Thanks @wardconnor for sharing this YouTube gold.


----------



## Spammage (Apr 30, 2017)

I've got the Bosch Icons on my truck and they have performed admirably. I will definitely buy them again when needed.


----------



## zinger565 (Nov 28, 2017)

The autodetailing geeks I know like the PIAA super silicone wipers. A bit more up front, but the inserts are replaceable. No more throwing away the entire frame.


----------



## pennstater2005 (Jul 17, 2017)

I some version of a Rain-X blade. It was the framed blade. On my wife's car they were good. On mine for some reason they left a little bit untouched or smeared. I have bad luck with wiper blades. Of course, I just got a newer car last week and whatever blades the dealer had on were fine. As someone mentioned above, they're probably just some cheapie.


----------



## chrismar (May 25, 2017)

I get whatever Costco has, or if they don't have the size I need, whatever's on sale somewhere. Wiper blades, to me, are just a consumable part. No sense on spending extra $ on something that might last a tad longer than the cheaper one.


----------



## MasterMech (Sep 24, 2017)

I had been running the frameless Rain-X wipers but I'm not much of a fan of their attachment adapters, very bulky compared to the OEM wipers for my '13 Silverado. I have Bosch Icons on there now. So far so good. We are approaching monsoon season in a couple months so we shall see. Then I'm sure July and Aug will destroy them!

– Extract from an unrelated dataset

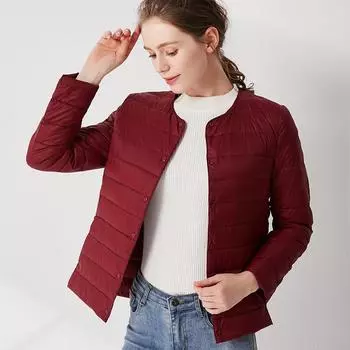 FASHION2024 зимняя новая куртка-пуховик с круглым вырезом женская короткая легкая и теплая без воротника зимняя куртка большого размера Одежда S белый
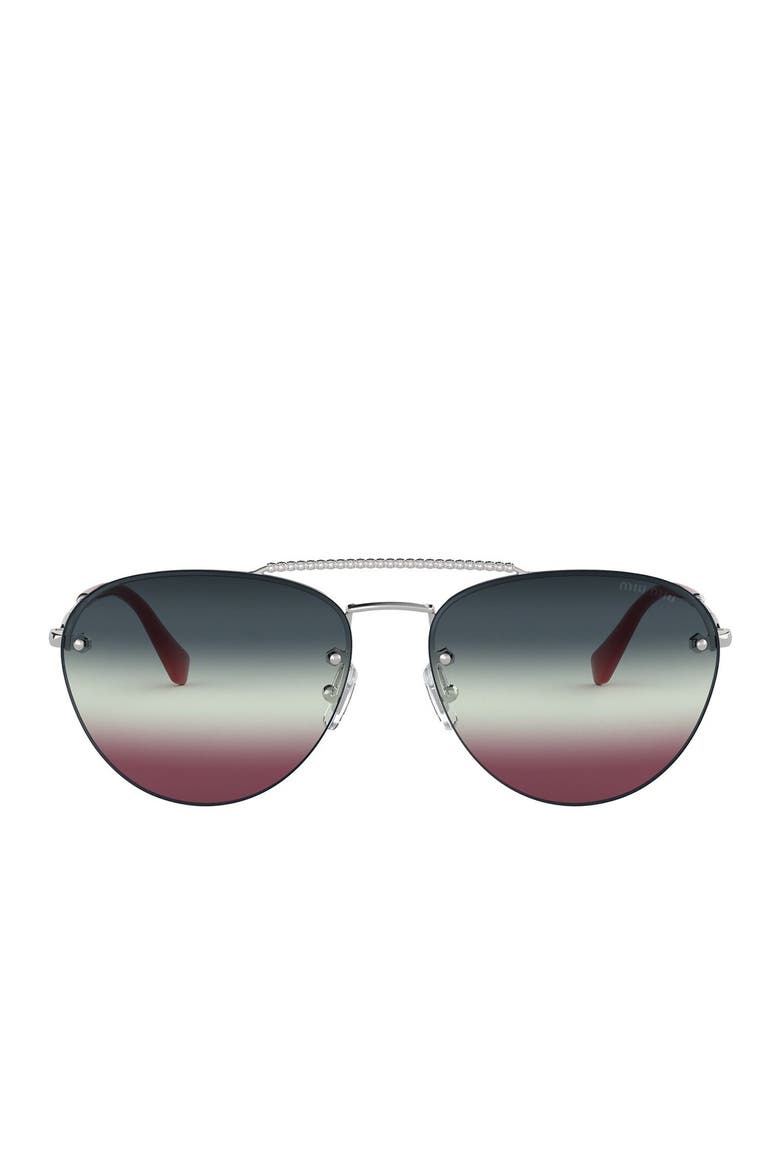59mm Aviator Sunglasses, Alternate, color, GREEN BLUE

For what it's worth, the best upgrade for visibility out the front is running the Rain-X washer fluids. Always there, don't have to really think about it. And I get mad if someone fills up my reservoir with the blue chit. :roll: :lol: It's rare that I take one of my vehicles in for service anyways.


----------



## wardconnor (Mar 25, 2017)

Ware said:


> g-man said:
> 
> 
> > I like to keep the car original
> ...


EF8GhC-T_Mo[/MEDIA]?t=25s]"Right....Right...Right"


----------



## ABC123 (Jul 14, 2017)

I buy mine from Costco. Mostly the rainX ones


----------



## Mightyquinn (Jan 31, 2017)

I usually go with Rain-X or the Bosch "blade" type wipers. I'm real particular when it comes to wipers so I replace them every 6 months or so on both cars. I have found that you don't gain much by spending more for wipers as they only tend to last about 6 months anyway so I just get what's on sale at AutoZone or if I'm at Walmart, I'll pick up a set if needed. I have also found that if you clean the wiping edge of the wipers every so often with glass cleaner or any AP cleaner you can get a little more life out of them as dirt and debris can build up on them over time.


----------



## high leverage (Jun 11, 2017)

I've had these on my truck since 2012 https://www.amazon.com/Silblade/b/r...00524011&field-lbr_brands_browse-bin=Silblade. Life time warranty. I actually had one slightly rust and the manufacture sent me two new replacements.


----------



## Guest (Feb 27, 2018)

PIAA wipers super silicone blades. I learned about them when I was selling auto parts back in 2009-2011. Friend at work turned me on to them as we often hated how fast the rain x and Bosch icons would wear out for people and they would come back in and want their money back. We would have to catalog order them but now they're available on amazon or tire rack. First set I bought for my wife's grand Cherokee lasted nearly 7 years and they worked amazing. Absolutely worth the money.


----------



## gregonfire (Sep 18, 2017)

Have to agree with others about the PIAA blades. They are freaking awesome. It's all I buy. They last forever too.


----------



## Ware (Jan 28, 2017)

I'll have to give those a try next time I need a set.


----------



## Mightyquinn (Jan 31, 2017)

Ware said:


> I'll have to give those a try next time I need a set.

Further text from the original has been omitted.